Pretty convinced this is a drive by troll pushing washed up Protestant apologetics that have been dealt with decades ago. 

This exact same string of words was copied and pasted two other places online:

Reddit and Christian Chat

I suggest banning him and removing the post and removing my post with the follow up links.
Follow up to the above:

The poster is certainly a troll. The Christian Chat link shows that he posted this wall of text on a decade old thread two months ago and hasn't followed up with any engagement. He is just a protestant troll and should be ignored.
(04-18-2017, 11:38 AM)GangGreen Wrote: [ -> ]DR can be quite difficult for many people to read. I wouldn't mind something that's a little bit easier to read, but doesn't destroy the meanings like the more modern versions. Certainly a difficult endeavor, but I'm sure some people could pull it off.

I'm new to the trad Catholic world. A few months ago, I decided to read the Bible straight through and I got the DR b/c it's the one favored. I'm an attorney who graduated second in his law school class. In other words, I'm more than comfortable reading difficult stuff. That said, I found DR too difficult and dropped it in favor of the RSV. DR might be "the best" but I far, far prefer the RSV for study. If I have issues or questions about a verse, I compare it with the many different translations that I have.
How is the DR difficult?
(05-05-2021, 05:03 PM)Marmot Wrote: [ -> ]How is the DR difficult?
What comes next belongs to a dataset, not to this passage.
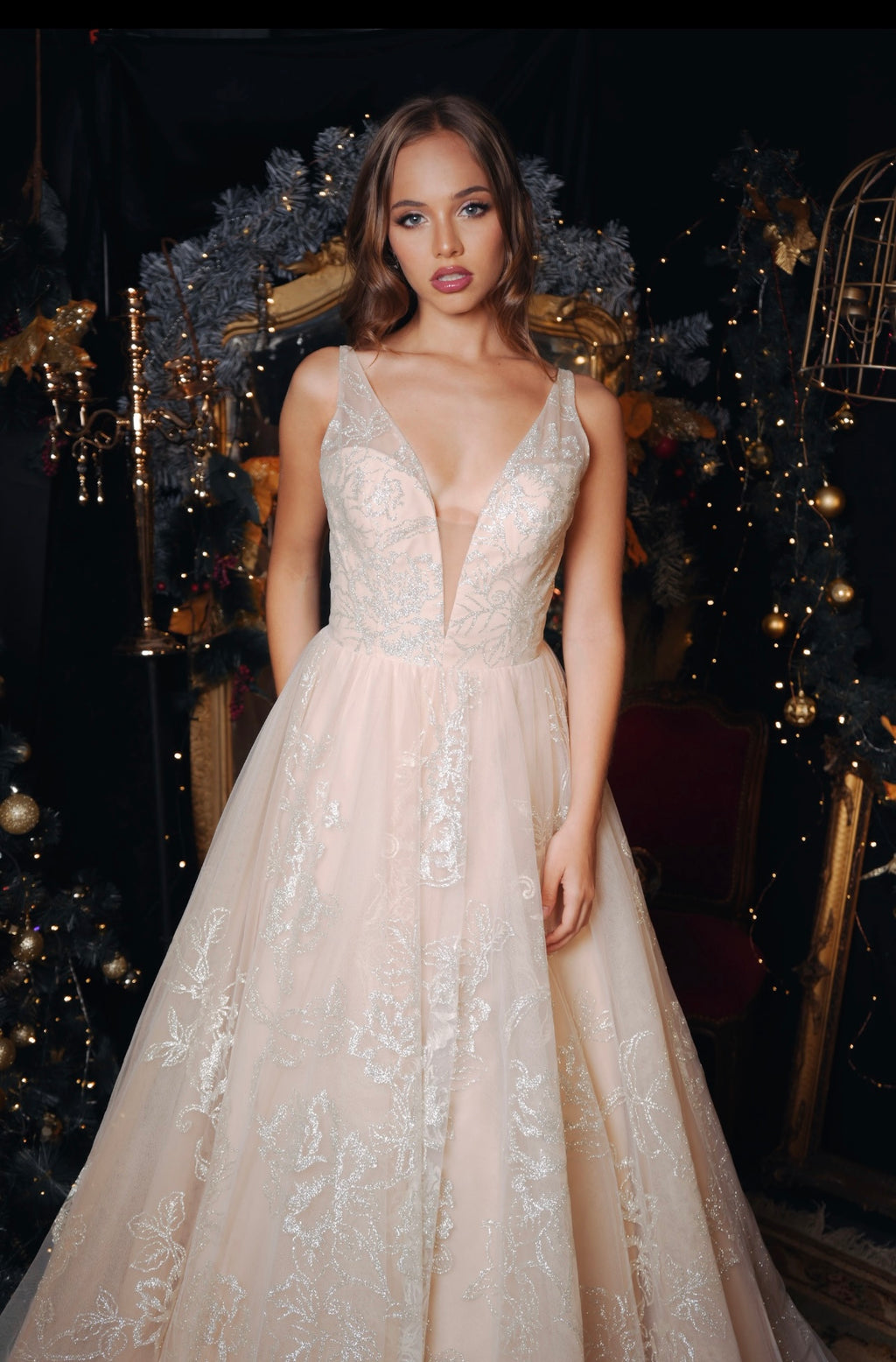 Vestido de Quince Celine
I don't find it readable. There are dialogue exchanges where it isn't clear who's talking. Lots of pronouns when use of a proper noun would clear up who's speaking. 

If it works for you, it works for you. I'm not here to convince you otherwise, just telling you my experience.
(05-05-2021, 05:59 PM)Bryan Wrote: [ -> ]I don't find it readable. There are dialogue exchanges where it isn't clear who's talking. Lots of pronouns when use of a proper noun would clear up who's speaking. 
I see. I do recall not understanding at times who says what. I didn't understand this might be better in other translations.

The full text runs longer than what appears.